I want to run multiple worker daemons on single machine. As per damienfrancois's answer on what is the minimum number of computers for a slurm cluster it can be done. Problem is currently I am able to execute only 1 worker daemon on one machine. for example
When I run
sudo slurmd -N linux1 -cDvv
sudo slurmd -N linux2 -cDvv
linux1 goes down when I run linux2. Is it possible to run multiple worker daemons on one machine?
Here is my slurm.conf file
as your intention seems to be just testing the behavior of Slurm, I would recommend you to use the front-end mode, where you can create dummy computation nodes in the same machine.
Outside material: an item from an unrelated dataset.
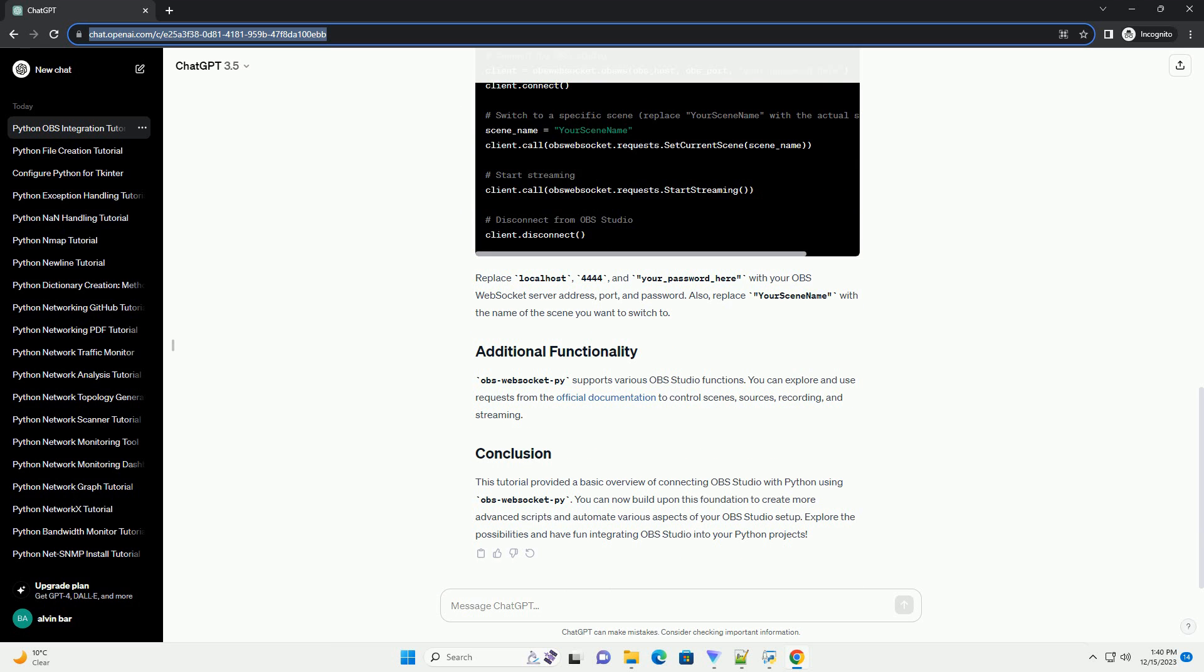In this example, we'll connect to OBS, switch to a specific scene, and start streaming.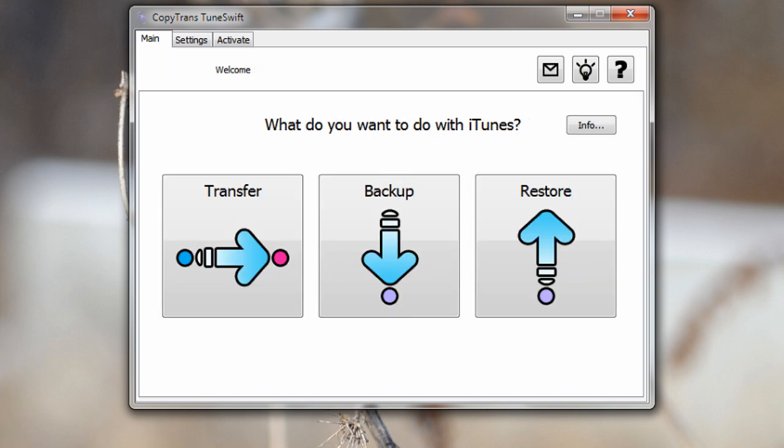Anyway guys that's it for my video on CopyTrans TuneSwift. This is a very useful program that allows you to move your iTunes data over really quickly and simply so I definitely recommend checking it out but do keep in mind that you need to do it before March 15th while it still is free.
In their FAQ, you have more details, but basically you must configure your installation to work with this mode:
./configure --enable-front-end
And configure the nodes in slurm.conf
NodeName=test[1-100] NodeHostName=localhost
In that guide, they also explain how to launch more than one real daemons in the same node by changing the ports, but for my testing purposes it was not necessary.
Good luck!
I got the same issue as you, I resolved it by modifying the paths of log files as mentioned there multiple slurmd support.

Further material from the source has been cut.